Por Alceu Luís Castilho | Correspondente do JC em Brasília
| Tempo de leitura: 2 min

Ao contrário do que ocorre com os homens, mais da metade das detentas em São Paulo não está em presídios, mas em delegacias ou cadeias públicas. Em novembro, segundo a Secretaria de Administração Penitenciária (SAP), 4.926 das 8.860 presas (55,6%) estão nesses lugares provisórios e precários, vinculados à Secretaria de Estado da Segurança Pública. As demais 3.934 encontram-se nas unidades da SAP: penitenciárias, centros de detenção provisória e de ressocialização.

A distorção no sistema é apontada pelos defensores dos direitos das presas como motivo primeiro das condições ruins e das tragédias. No Cadeião de Pinheiros, por exemplo, onde segundo a Pastoral Carcerária há pelo menos 50 grávidas, não há realização de exame pré-natal. “Algumas descobrem no parto que têm HIV”, conta Heidi Ann Cerneka, coordenadora da Pastoral Feminina.

Segundo a juíza Kenarik Boujikian Felipe, da 10ª Vara Criminal de São Paulo e do Grupo de Estudo e Trabalho da Condição da Mulher Presa, a superlotação chega a 381% na cadeia de São Joaquim da Barra. A média estadual é de 65% de presas a mais do que o número de vagas. Em Arujá, há 160 presas espremidas em 24 vagas.

Kenarik diz que não há controle no sistema em relação a doenças contagiosas, como a tuberculose. “Tuberculose, sarna e piolho é o que mais tem nas penitenciárias”, conta. “A maior parte da população feminina de São Paulo convive sem o mínimo de dignidade. Há discriminação e violação dos tratados internacionais.” Segundo a juíza, o Estado está se afastando do seu papel.

O presídio do Tatuapé possui até uma ativista específica para combater seus problemas: a coordenadora do Instituto Terra, Trabalho e Cidadania do Estado, Sônia Drigo. “Há vazamentos grandes nas lajes dos prédios. Como não têm dinheiro para fazer o conserto para todas, eles mantêm a chuva para todas”, afirma. “O edifício é interditado, não tem ventilação ou luz natural, não possui condições de abrigar pessoas”.

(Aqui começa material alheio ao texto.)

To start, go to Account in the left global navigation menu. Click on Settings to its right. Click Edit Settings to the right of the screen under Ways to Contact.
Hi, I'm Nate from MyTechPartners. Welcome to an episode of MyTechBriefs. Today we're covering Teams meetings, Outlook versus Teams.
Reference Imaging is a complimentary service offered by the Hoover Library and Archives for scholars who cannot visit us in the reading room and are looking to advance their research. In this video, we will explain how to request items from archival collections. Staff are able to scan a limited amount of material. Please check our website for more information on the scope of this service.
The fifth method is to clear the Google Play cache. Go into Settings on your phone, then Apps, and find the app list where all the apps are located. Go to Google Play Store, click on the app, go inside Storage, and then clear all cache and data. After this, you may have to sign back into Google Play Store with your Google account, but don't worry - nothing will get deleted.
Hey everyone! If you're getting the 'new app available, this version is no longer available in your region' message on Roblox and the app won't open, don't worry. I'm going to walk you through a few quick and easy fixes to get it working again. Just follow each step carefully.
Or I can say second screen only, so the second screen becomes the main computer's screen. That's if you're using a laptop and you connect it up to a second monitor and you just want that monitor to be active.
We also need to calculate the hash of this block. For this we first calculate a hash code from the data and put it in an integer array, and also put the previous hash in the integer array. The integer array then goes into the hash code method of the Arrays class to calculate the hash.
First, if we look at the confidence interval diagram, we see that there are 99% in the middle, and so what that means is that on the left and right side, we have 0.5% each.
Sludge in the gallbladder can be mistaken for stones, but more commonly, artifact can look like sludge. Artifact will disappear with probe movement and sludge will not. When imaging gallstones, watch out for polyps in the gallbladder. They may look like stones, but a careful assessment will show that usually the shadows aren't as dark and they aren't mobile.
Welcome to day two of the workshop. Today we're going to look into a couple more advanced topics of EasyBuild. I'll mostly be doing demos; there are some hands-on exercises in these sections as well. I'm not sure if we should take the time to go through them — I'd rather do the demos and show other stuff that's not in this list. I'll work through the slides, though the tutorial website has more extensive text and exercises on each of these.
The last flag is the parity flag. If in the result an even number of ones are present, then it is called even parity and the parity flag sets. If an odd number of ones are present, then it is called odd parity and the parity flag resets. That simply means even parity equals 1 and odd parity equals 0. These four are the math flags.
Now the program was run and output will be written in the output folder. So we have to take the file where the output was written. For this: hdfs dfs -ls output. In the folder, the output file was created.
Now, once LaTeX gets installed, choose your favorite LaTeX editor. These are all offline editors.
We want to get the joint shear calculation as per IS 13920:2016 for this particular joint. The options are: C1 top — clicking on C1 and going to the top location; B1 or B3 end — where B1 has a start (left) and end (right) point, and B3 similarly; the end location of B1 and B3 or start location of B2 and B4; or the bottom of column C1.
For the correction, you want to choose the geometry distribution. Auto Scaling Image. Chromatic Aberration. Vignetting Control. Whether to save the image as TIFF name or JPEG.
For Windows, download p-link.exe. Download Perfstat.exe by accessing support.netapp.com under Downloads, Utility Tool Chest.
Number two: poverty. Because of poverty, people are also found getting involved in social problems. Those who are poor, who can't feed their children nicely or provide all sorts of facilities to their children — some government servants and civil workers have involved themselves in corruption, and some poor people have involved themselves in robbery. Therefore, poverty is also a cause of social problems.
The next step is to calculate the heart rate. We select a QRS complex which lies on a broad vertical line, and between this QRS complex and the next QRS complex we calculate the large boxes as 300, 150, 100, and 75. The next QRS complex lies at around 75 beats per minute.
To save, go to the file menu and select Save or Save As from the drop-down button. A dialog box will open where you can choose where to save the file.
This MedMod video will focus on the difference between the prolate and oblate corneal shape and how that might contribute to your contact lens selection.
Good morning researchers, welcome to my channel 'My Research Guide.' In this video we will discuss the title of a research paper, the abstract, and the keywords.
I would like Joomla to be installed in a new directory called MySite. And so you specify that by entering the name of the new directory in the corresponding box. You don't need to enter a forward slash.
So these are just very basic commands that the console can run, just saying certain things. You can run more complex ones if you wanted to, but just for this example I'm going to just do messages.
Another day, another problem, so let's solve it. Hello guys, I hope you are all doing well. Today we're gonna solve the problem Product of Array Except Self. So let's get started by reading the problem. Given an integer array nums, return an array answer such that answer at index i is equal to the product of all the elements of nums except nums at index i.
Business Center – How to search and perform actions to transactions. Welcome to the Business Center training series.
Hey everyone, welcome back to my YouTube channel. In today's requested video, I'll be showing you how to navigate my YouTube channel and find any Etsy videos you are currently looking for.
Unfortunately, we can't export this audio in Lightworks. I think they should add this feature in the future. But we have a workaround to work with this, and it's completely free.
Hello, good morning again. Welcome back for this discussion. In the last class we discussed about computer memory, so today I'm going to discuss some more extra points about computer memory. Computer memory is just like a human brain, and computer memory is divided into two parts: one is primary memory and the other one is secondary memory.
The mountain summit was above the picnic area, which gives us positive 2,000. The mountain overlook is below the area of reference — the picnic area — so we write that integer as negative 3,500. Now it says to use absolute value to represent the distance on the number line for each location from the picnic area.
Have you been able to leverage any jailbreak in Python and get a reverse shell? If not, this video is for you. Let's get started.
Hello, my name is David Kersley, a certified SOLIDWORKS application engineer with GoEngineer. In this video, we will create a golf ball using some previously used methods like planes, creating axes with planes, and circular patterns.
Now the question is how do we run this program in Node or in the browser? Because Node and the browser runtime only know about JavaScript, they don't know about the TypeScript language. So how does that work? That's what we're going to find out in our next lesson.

A Secretaria de Administração Penintenciária possui um convênio com o Ministério da Saúde para o atendimento às presas. Como 55% estão sob a gestão da Secretaria de Segurança Pública, mais da metade das detentas em São Paulo não é beneficiada.

Segundo a assessoria de imprensa da Secretaria de Administração Penitenciária, o projeto do governo estadual de retirada das delegacias deu prioridade aos homens. A expectativa é a de que com a nova penitenciária de Santana parte das mulheres que se encontram nos distritos policiais vá para os presídios.